Entonces les hablé a mis amigos indios de la fiesta de Diwali. Esta festividad india cae en el otoño después que han pasado las lluvias. Antes de la fiesta se limpian todas las casas, se lavan pisos y paredes, y la casa se ilumina con lamparitas. Les recordé que en esa fiesta ellos sacan fuera de la casa todos los muebles y objetos pesados para hacer una limpieza a fondo. Les dije entonces que en nuestro corazón hay también toda clase de objetos opacos, que producen sombra, y que es necesario permitir al Espíritu Santo hacer una limpieza a fondo, de modo que El pueda iluminarnos por completo. Les dije que algunos de esos objetos opacos son los celos, la ira, la maledicencia, la amargura, el amor al dinero, y cosas semejantes.
No creo que mi ilustración haya hecho mucha impresión en los predicadores que me rodeaban. Era demasiado simple y muy poco teológica. Pero un hombre del campo estaba escuchando con ávida atención. Aunque era un recién convertido, todavía no estaba satisfecho de sí mismo. Ponía demasiado sus ojos en los demás cristianos y sus defectos. Estaba resentido y amargado porque no le daban puestos de responsabilidad en la iglesia. Muchos de sus resentimientos habían crecido en forma desproporcionada.
Pasaron algunas semanas después de mi predicación sin que yo supiera qué había sucedido esa mañana. El hecho era que este campesino tenía ahora una casa limpia. El no podía dar una explicación teológica de lo que le había ocurrido, y ni siquiera explicar claramente su experiencia de esa mañana, pero el hecho era que su corazón estaba limpio. Semanas más tarde estábamos hablando a un grupo sobre la plenitud del Espíritu Santo, cuando de repente, este mismo hombre, que estaba otra vez presente, vio la luz y comprendió lo que había sucedido. A continuación dijo que precisamente eso era lo que había ocurrido en su corazón. El cambio de vida que había comenzado ese domingo era tan marcado como el cambio que había habido antes de su conversión.
No es suficiente que recibamos el Espíritu Santo. Debemos tenerlo en su plenitud. También, El debe poseernos a nosotros completamente. El Espíritu Santo viene a nosotros sin hacerse rogar o suplicar. No es necesario tener largas sesiones de llantos y súplicas para que el Espíritu venga a llenarnos, La enseñanza de Jesús es: “He aquí, yo estoy a la puerta y llamo; si alguno oye mi voz y abre la puerta, entraré a él, y cenaré con él, y él conmigo” (Apoca­lipsis 3:20). Cristo está llamando a la puerta de nuestro corazón. No es posible menospreciarlo y hacernos los desentendidos sin recibir alguna clase de reprimenda. Tardar en abrir esa puerta es rechazar a Cristo. Pero si abrimos, ¡El entra! La Biblia no dice: “Si alguno pelea, grita, ruega, o procura ser bueno, recibirá el Espíritu Santo”. No, la Biblia dice: “Si alguno oye mi voz y abre la puerta”. Más simple no puede ser. El está tan dispuesto a llenarnos con el Espíritu como la luz está lista a llenar todos los ámbitos de la habitación cuando se enciende la bombilla.

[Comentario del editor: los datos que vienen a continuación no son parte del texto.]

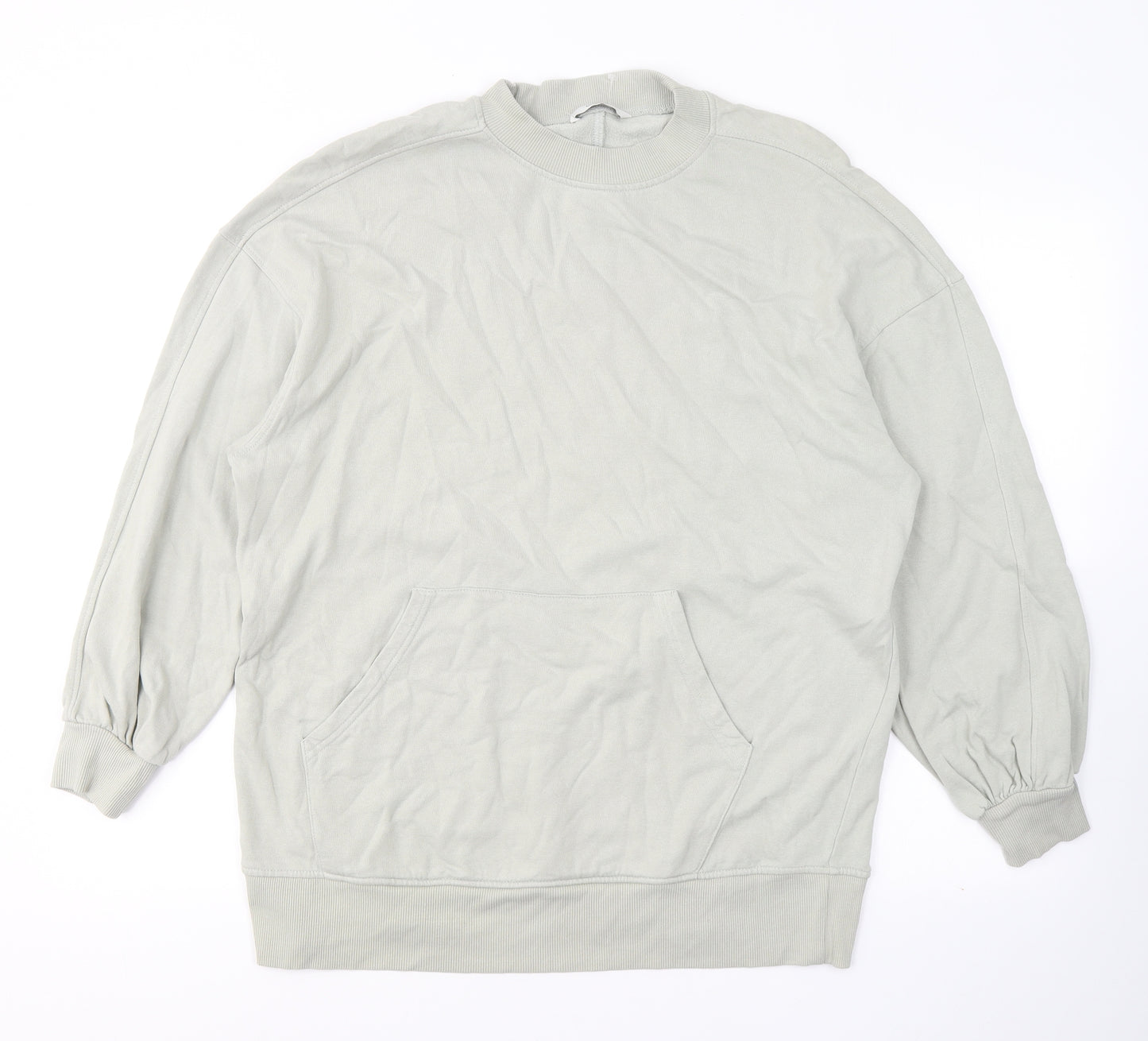 George Womens Grey  Cotton Pullover Sweatshirt Size 8  Pullover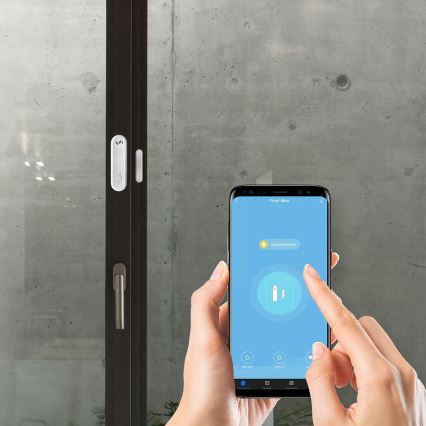Alarm za vrata/okna 2xAAA Wi-Fi Tuya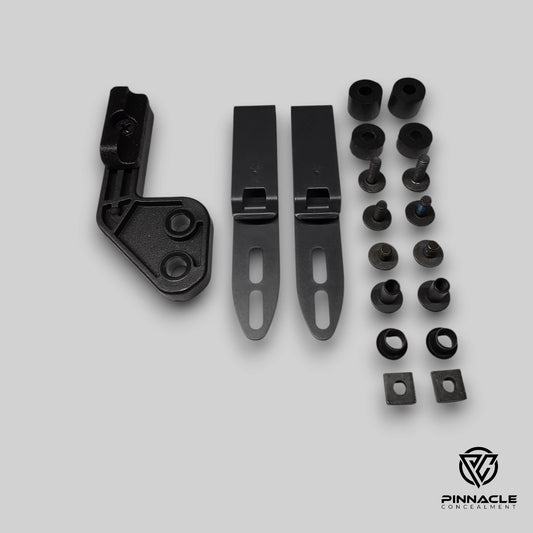 DCC HLR MOD4 DUAL Clips Conversion Kit - 1.5" Belt Width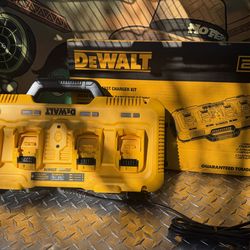 Dewalt fast charger 4 bay 8ah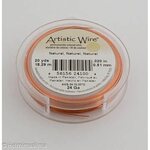 Artistic Wire kuparilanka 0,51 mm (24 GA), 18,3 m puola Kupari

Si hay alguna tardanza, algún entorpecimiento, si hay clamores, y lágrimas y gemidos sin resultado, no se debe a la voluntad del Señor, sino a nuestra dificultad para abrir la puerta. Hablando francamente, cuanto más viejos somos, cuanto más tiempo posponemos nuestra decisión, más se arraigan nuestros hábitos, más sucio se vuelve nuestro corazón, y más difícil se nos hace abrir la puerta. Además, no debemos confundir simplemente su entrada en plenitud con alguna clase de emoción que sintamos por ello. Para algunas personas el ser llenos con el Espíritu es algo electrizante; para otros es una experiencia muy emocionante; pero para otros es una simple y sencilla sensación de paz. Pero ninguna de estas experiencias es normativa. Lo esencial de todo es el efecto de la plenitud: esto es, la pureza de corazón.

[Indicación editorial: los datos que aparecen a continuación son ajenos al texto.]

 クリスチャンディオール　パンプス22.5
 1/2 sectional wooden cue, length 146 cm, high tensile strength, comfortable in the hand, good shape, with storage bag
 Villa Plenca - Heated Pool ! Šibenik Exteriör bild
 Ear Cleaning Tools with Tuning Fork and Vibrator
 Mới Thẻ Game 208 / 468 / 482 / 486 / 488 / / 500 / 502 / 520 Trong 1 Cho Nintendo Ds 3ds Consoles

Mi pobre abuelo había escuchado predicar a un hombre sobre el bautismo del Espíritu Santo que lo comparaba a un choque eléctrico que lo sacude a uno de pies a cabeza. Este individuo le aseguró a mi abuelo que algún día iba a recibir un choque eléctrico semejante. Durante seis meses mi abuelo estuvo buscando esa descarga eléctrica que, afortunadamente, nunca recibió. ¡Cuán penoso hubiera sido si el pobre viejo hubiera sólo recibido algo así! Al fin, mi abuelo comprendió que lo que necesitamos no es un choque, o un golpe, o cualquier otro fenómeno, sino simplemente ser llenos del Espíritu.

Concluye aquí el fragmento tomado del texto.